In TensorFlow, what is the argument 'axis' in the function 'tf.one_hot'
Here's an example:
x = tf.constant([0, 1, 2])
... is the input tensor and N=4
(each index is transformed into 4D vector).
axis=-1
Computing one_hot_1 = tf.one_hot(x, 4).eval()
yields a (3, 4)
tensor:
[[ 1. 0. 0. 0.]
[ 0. 1. 0. 0.]
[ 0. 0. 1. 0.]]
... where the last dimension is one-hot encoded (clearly visible). This corresponds to the default axis=-1
, i.e. the last one.
axis=0
Now, computing one_hot_2 = tf.one_hot(x, 4, axis=0).eval()
yields a (4, 3)
tensor, which is not immediately recognizable as one-hot encoded:
[[ 1. 0. 0.]
[ 0. 1. 0.]
[ 0. 0. 1.]
[ 0. 0. 0.]]
This is because the one-hot encoding is done along the 0-axis and one has to transpose the matrix to see the previous encoding.

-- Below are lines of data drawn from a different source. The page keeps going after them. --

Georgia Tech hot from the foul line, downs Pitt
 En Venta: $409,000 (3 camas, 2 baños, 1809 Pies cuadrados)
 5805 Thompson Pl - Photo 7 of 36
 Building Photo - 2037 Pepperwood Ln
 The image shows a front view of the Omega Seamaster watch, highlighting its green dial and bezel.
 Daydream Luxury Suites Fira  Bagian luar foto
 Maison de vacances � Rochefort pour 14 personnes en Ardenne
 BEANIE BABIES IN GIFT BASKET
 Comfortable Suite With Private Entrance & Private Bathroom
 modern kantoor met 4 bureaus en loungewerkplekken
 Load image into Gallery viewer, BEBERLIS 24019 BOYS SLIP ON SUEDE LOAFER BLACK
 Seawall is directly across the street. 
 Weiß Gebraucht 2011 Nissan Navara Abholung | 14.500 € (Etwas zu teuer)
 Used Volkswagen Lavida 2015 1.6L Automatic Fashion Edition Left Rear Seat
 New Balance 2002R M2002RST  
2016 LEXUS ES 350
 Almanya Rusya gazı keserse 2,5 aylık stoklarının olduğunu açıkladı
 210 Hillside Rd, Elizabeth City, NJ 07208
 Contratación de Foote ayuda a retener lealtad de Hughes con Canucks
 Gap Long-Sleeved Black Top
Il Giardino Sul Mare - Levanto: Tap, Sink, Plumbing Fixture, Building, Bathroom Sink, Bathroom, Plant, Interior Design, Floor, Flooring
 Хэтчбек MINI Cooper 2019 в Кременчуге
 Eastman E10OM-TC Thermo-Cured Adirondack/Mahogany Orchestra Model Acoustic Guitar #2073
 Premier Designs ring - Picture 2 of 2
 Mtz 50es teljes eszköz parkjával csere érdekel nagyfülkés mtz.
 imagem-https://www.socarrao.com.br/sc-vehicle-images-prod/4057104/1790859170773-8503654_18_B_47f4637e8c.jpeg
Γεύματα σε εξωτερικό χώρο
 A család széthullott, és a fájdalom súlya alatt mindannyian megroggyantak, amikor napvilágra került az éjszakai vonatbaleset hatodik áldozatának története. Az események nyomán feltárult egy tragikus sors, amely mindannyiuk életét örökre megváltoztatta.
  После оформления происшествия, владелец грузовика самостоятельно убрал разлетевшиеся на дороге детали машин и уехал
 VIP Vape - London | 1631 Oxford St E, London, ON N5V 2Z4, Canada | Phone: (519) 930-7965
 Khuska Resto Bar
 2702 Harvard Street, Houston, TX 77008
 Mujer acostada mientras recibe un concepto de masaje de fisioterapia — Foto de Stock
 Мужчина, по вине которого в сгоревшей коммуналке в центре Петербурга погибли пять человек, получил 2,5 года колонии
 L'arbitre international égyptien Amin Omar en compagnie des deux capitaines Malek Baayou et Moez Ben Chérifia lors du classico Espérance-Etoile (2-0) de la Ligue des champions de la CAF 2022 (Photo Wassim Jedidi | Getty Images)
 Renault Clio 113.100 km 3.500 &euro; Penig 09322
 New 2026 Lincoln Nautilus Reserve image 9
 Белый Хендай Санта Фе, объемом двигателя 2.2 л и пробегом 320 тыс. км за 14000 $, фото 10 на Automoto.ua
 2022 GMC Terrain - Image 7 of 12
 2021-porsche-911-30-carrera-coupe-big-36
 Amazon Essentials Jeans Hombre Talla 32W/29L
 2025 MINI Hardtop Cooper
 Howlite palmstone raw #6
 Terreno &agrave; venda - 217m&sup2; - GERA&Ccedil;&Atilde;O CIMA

The situation becomes more complicated, when the input is higher dimensional, but the idea is the same: the difference is in placement of the extra dimension used for one-hot encoding.
For me axis translates to "where do you add the additional numbers to increase the dimension". At least this is how I am interpreting it and serves as a mnemonic.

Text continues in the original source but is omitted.